Lettre envoyée en 1858 par J.-H.-A. Ubicini (1818-1884), auteur de nombreux ouvrages sur la Turquie et la Roumanie, au sujet de la Valachie et de la Moldavie.
Texte de la lettre
Paris, 27 9bre [septembre] 1858
Monsieur,
Votre dernier article sur l'Influence française en Allemagne contient l'extrait d'une note de l'impératrice Marie-Thérèse où il est fait allusion à l'éventualité d'un partage de la Valachie et de la Moldavie qui auraient eu le même sort que la Pologne « ... Si, pour un misérable morceau de la Pologne, peut-être même de la Valachie et de la Moldavie, nous compromettions etc... » J'avais déjà connaissance de cette note qui se trouve citée, je crois, dans le volume de M. de Laboulaye sur l'Allemagne et les pays slaves.

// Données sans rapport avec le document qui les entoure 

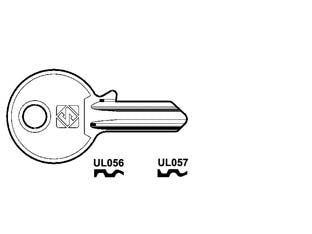 Chiavi per cilindri universal 3 spine piccole - UL056 DX - in ottone nichelato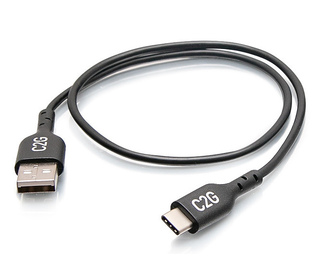 C2G C2G28884 câble USB USB 2.0 0,46 m USB C USB A Noir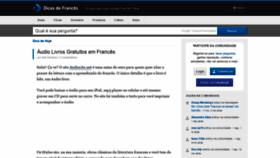 What Dicasdefrances.com.br website looked like in 2020 (3 years ago)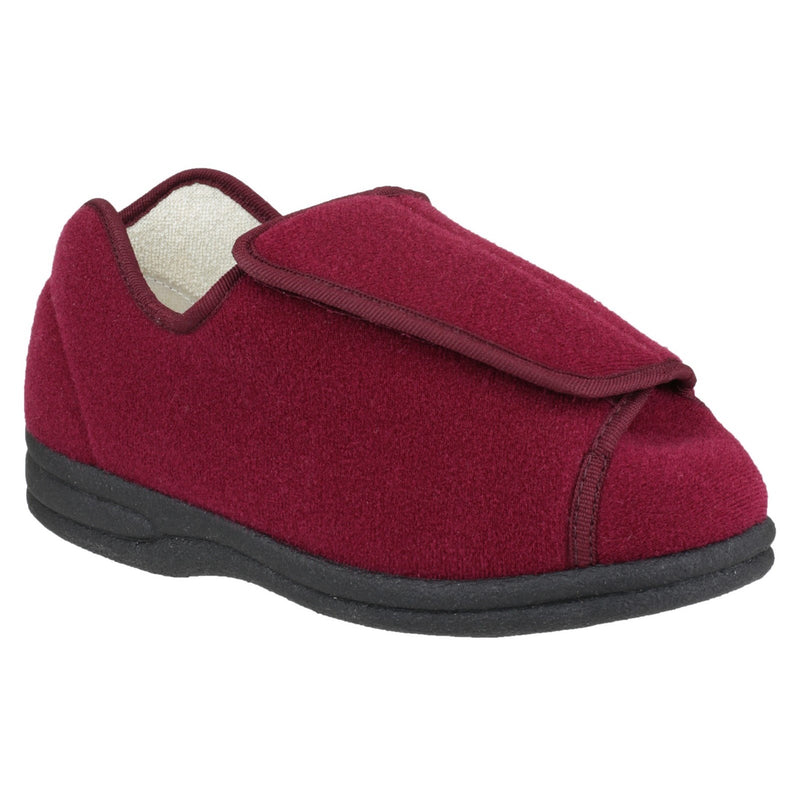 Mirak Fife Ladies Touch Fastening Slipper Comfortable Adjustable Velcro Closure, Soft Fleece Lining, Elegant Design, and Non-Slip Sole (UK Sizes)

Mais ce qu'il m'importerait beaucoup de savoir, c'est si parmi les documents historiques ou diplomatiques de cette époque que vos études vous ont rendu familière, vous auriez trouvé quelque autre trace d'un projet de cette nature concerté entre les trois cours du Nord ? Ce serait là un fait important à établir pour l'histoire des Principautés et je vous serais un gré infini Monsieur si vous vouliez bien m'éclairer de vos lumières sur ce point.
Veuillez agréer, Monsieur, l'assurance de mes sentiments les plus distingués.
A. Ubicini
Commentaires
A cette époque, Ubicini a déjà publié ses « Lettres sur la Turquie » (1847-1851), « La Question d'Orient devant l'Europe » (1854) et les « Provinces roumaines » dans la collection « L'Univers pittoresque » (1856).
Comme le montre cette lettre envoyée en septembre 1858, il est particulièrement sensible au sort de la Valachie et de la Moldavie, états vassaux de l'empire ottoman dont l'union sera reconnue par un firman du sultan du 20 novembre 1861 et qui formeront le royaume de Roumanie.
Ces deux principautés furent vassales de l'empire ottoman à partir du XVe siècle : elles subissaient l'influence de leur puissant voisin, lui payaient tribut, fournissaient des soldats, des céréales, du bétail, des peaux etc.
Mais elles ne faisaient pas réellement partie de l'empire et jouissaient d'une large indépendance, en particulier dans le domaine administratif ou religieux : aucune mosquée ne fut édifiée comme ce fut le cas dans le provinces européennes de l'empire ottoman. Le souverain valaque était cependant nommé par le sultan et le voïvode de Moldavie devait être accepté par lui.
Cette lettre évoque les ambitions des puissances austro-hongroise et russe qui souhaitaient agrandir leur territoire aux dépens des deux principautés. Les Autrichiens possédaient déjà une partie de la Valachie, les Russes avaient conquis la Moldavie qu'ils durent abandonner après la guerre de Crimée en 1856. Ubicini demande à Alfred Michiels s’il a connaissance d’un accord entre ces deux empires à ce sujet.
Alfred Michiels (1813-1892) était un homme de lettres, historien et critique d’art.